§ Source material:
== Segment start ==
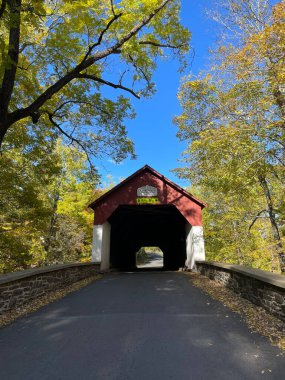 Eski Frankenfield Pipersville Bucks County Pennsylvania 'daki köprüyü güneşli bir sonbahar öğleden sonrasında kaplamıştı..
== Segment end ==
== Segment start ==
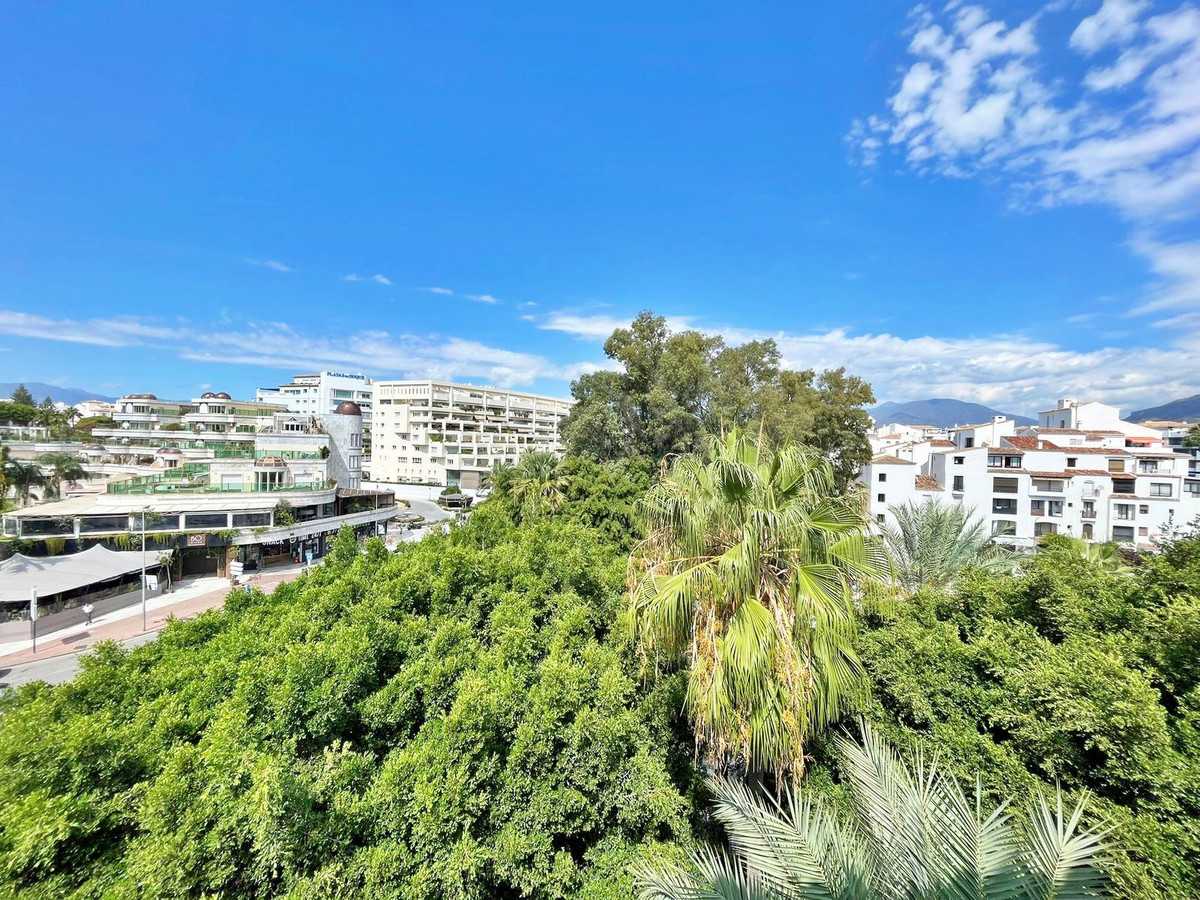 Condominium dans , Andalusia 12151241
== Segment end ==
== Segment start ==
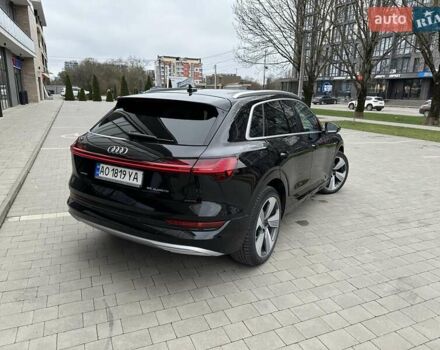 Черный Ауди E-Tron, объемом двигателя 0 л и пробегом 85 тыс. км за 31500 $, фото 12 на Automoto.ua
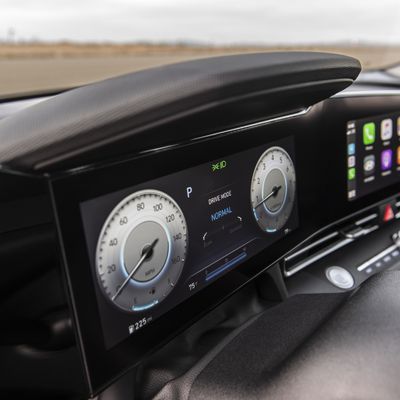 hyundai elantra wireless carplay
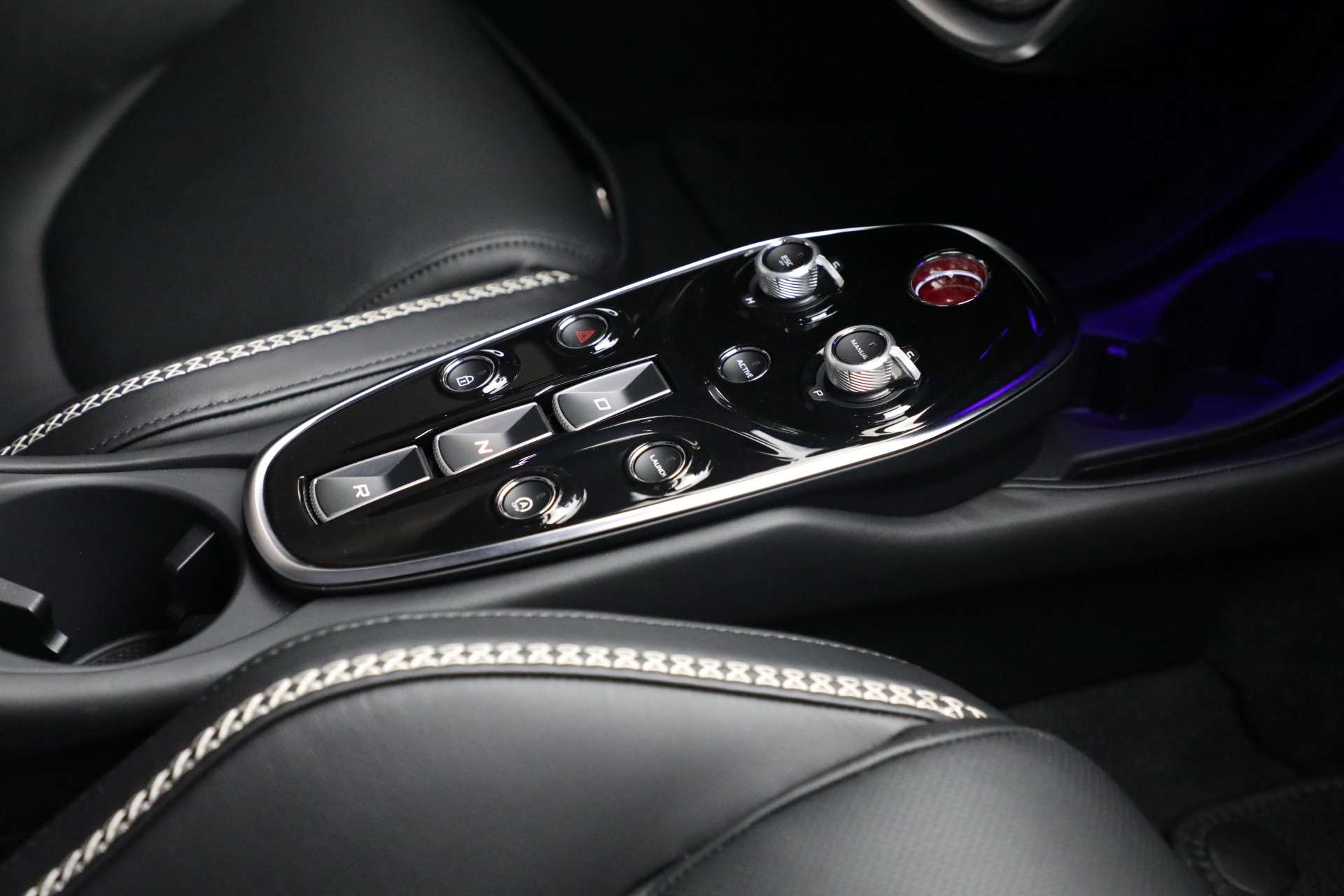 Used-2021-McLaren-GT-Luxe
== Segment end ==
§ Work order: Look through the listing above for the line with "Черный Ауди E-Tron, объемом" and the line with "Used-2021-McLaren-GT-Luxe". Write out exactly those lines and everything between, leaving out pictures.

§ Finished exercise:
 Черный Ауди E-Tron, объемом двигателя 0 л и пробегом 85 тыс. км за 31500 $, фото 12 на Automoto.ua
 hyundai elantra wireless carplay
 Used-2021-McLaren-GT-Luxe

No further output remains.